[Opening Exercise material section]
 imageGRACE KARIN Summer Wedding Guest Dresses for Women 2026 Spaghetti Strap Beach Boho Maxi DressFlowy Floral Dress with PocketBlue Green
[Closing Exercise material section]
[Opening Exercise material section]
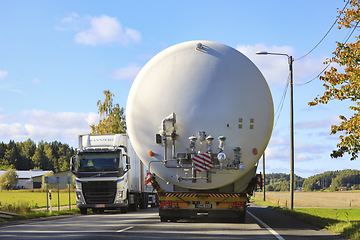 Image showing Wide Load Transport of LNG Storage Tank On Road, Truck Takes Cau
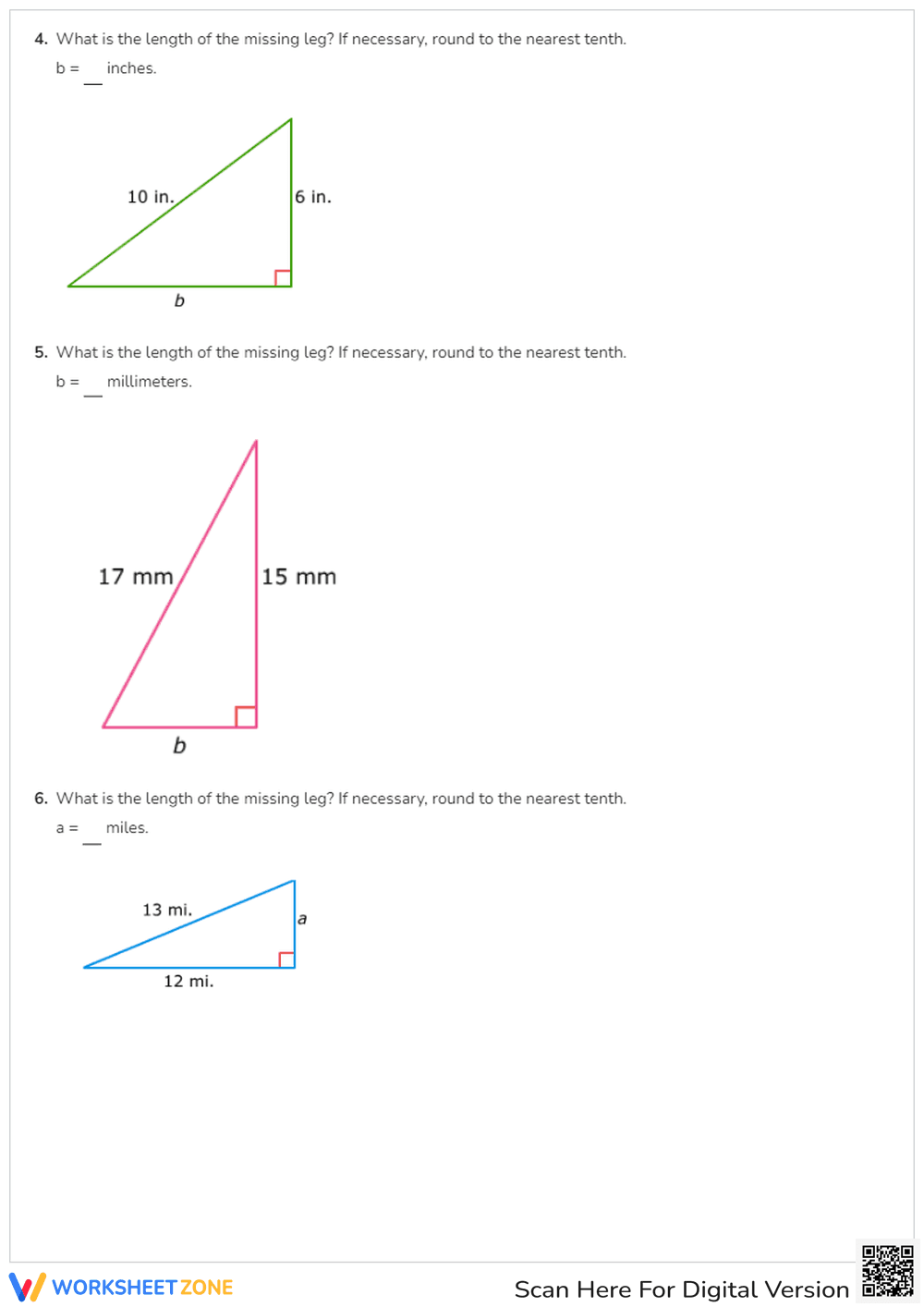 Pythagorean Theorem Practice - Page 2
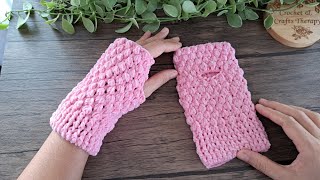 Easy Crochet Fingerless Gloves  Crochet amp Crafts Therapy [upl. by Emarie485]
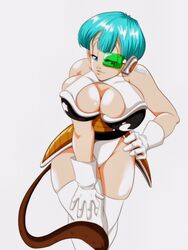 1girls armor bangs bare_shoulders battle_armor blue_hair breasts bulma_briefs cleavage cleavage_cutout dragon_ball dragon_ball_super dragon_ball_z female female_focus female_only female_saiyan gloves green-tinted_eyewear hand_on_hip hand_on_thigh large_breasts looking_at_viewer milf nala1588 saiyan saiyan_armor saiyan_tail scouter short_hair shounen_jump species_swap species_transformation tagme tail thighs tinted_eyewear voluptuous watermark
[Closing Exercise material section]
[Opening Exercise material section]
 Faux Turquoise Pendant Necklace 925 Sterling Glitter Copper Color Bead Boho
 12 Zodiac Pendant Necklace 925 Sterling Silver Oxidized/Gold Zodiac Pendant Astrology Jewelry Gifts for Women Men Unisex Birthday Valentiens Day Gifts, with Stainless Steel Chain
[Closing Exercise material section]
# Task objective
Leaving each picture behind, please give again exactly the lines above from the one with "Pythagorean Theorem Practice - Page 2" through the one with "Easy Crochet Fingerless", both included, and no others.

# Solution to this problem
 Pythagorean Theorem Practice - Page 2
 Easy Crochet Fingerless Gloves  Crochet amp Crafts Therapy [upl. by Emarie485]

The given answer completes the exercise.